Well there is an accepted MC way of using cutlery which is a dead giveaway if you don't know it. I recently someone who sees himself as above people (very unpleasant) but did not know how MC people hold a knife and a fork. I found myself sniggering inwardly thinking .. he thinks he knows it all (he was a know-it-all) but he does not!

Your behaviour here encapsulates part of the spectrum of responses that might happen in that given social situation - the others being a kind of pity that is a kind of 'nice' patronisation, through to in/visible mocking. How would you feel if you felt everyone round the table was thinking this? The subject here sounds like the person at the 'bloody minded determination' end of the spectrum, but again, since one is unable to see into their mind, their bluster could just as easily be a social mask for feelings of deep insecurity. Regardless of this, do you now see how the social gap between the likes of Tamsin and others exists?

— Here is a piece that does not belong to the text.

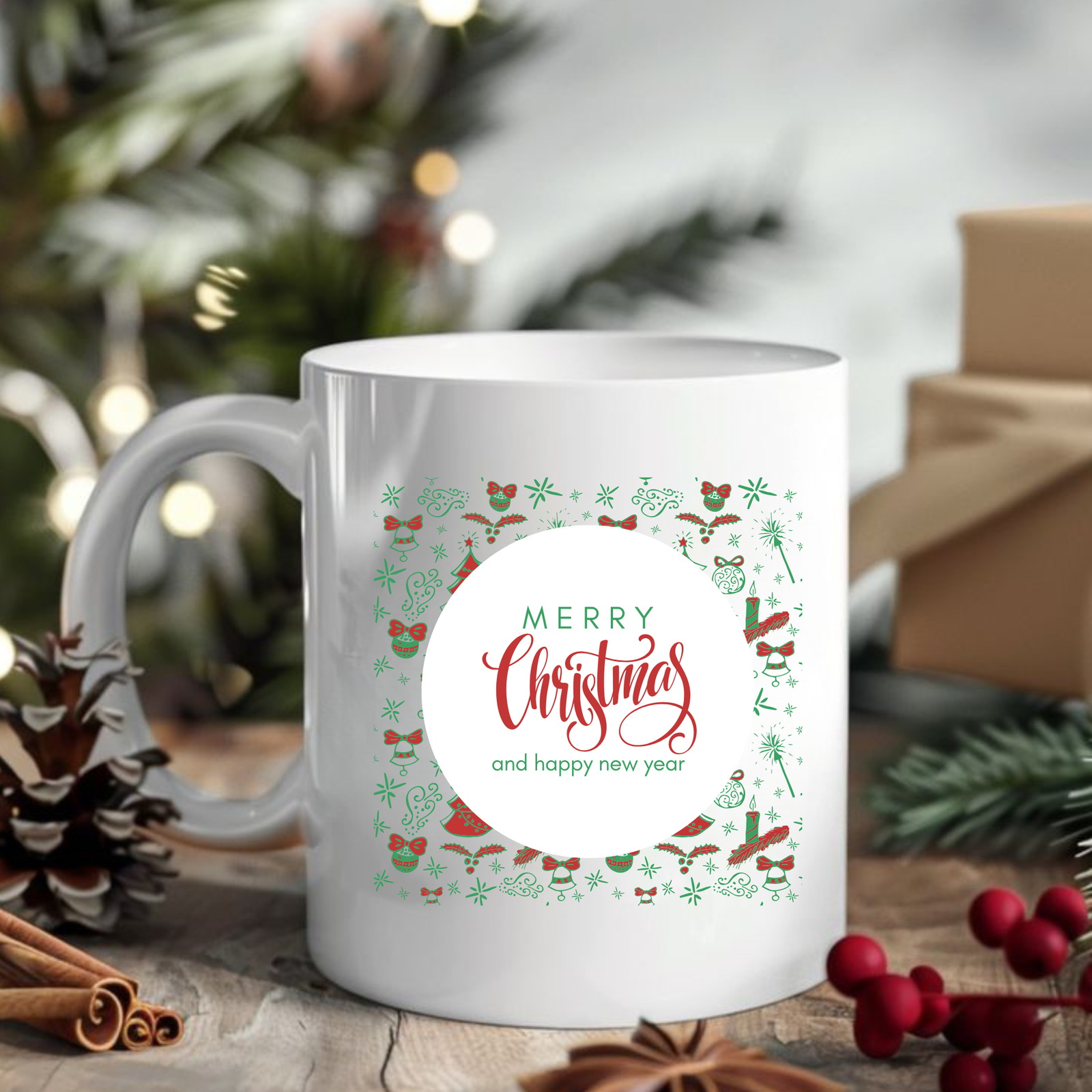 Hot chocolate mug with evergreen trees, holiday décor, and Christmas vibes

You say that 'schools should teach children table manners' as a kind of leveller...well yes, that's a laudable aim, but then the kids just come home and find a deep divide between what they are learning in theory at school and the experience of dining in practice at home, which in turn leads to more insecurity - both for children and parents who can feel threatened that their children are learning something denied to them.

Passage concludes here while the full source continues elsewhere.